▶ _Assigned task_: Copy exactly the lines of the records below, and only those lines, beginning with the line that contains "Fenton 75th Celebration" and ending with the line that contains "R.g. Barry Open".

▶ _Listed records_:
====

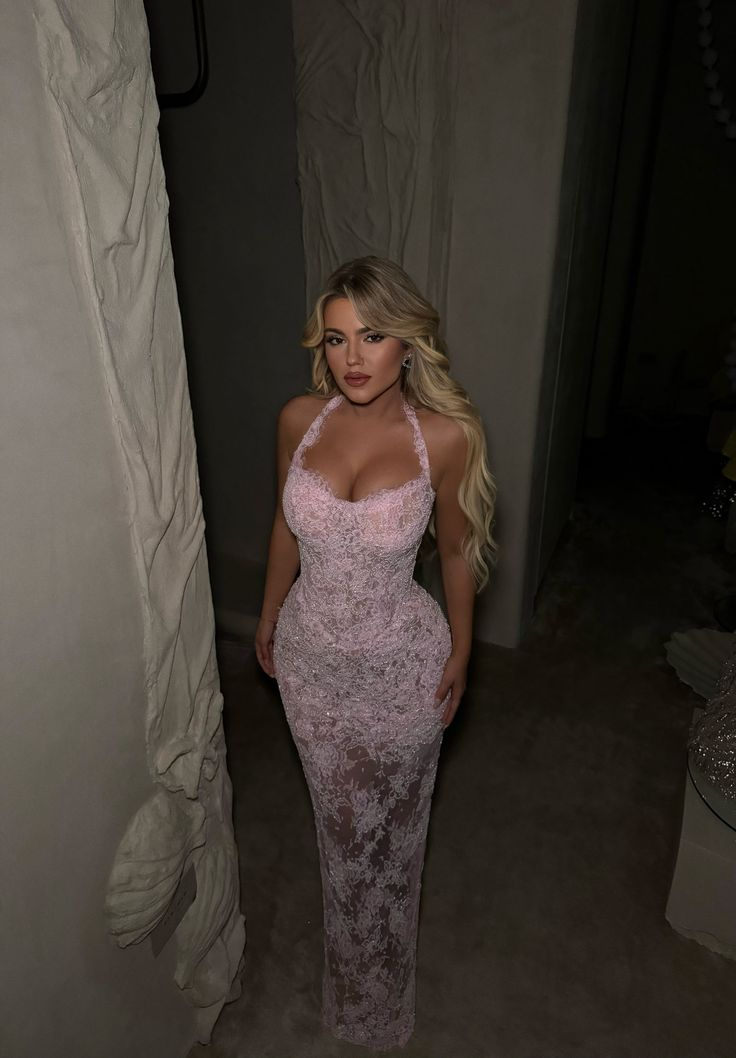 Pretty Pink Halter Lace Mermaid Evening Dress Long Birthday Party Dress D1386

====

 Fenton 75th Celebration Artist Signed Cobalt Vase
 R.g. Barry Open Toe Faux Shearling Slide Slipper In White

====

▶ _Response for this exercise_:
 Fenton 75th Celebration Artist Signed Cobalt Vase
 R.g. Barry Open Toe Faux Shearling Slide Slipper In White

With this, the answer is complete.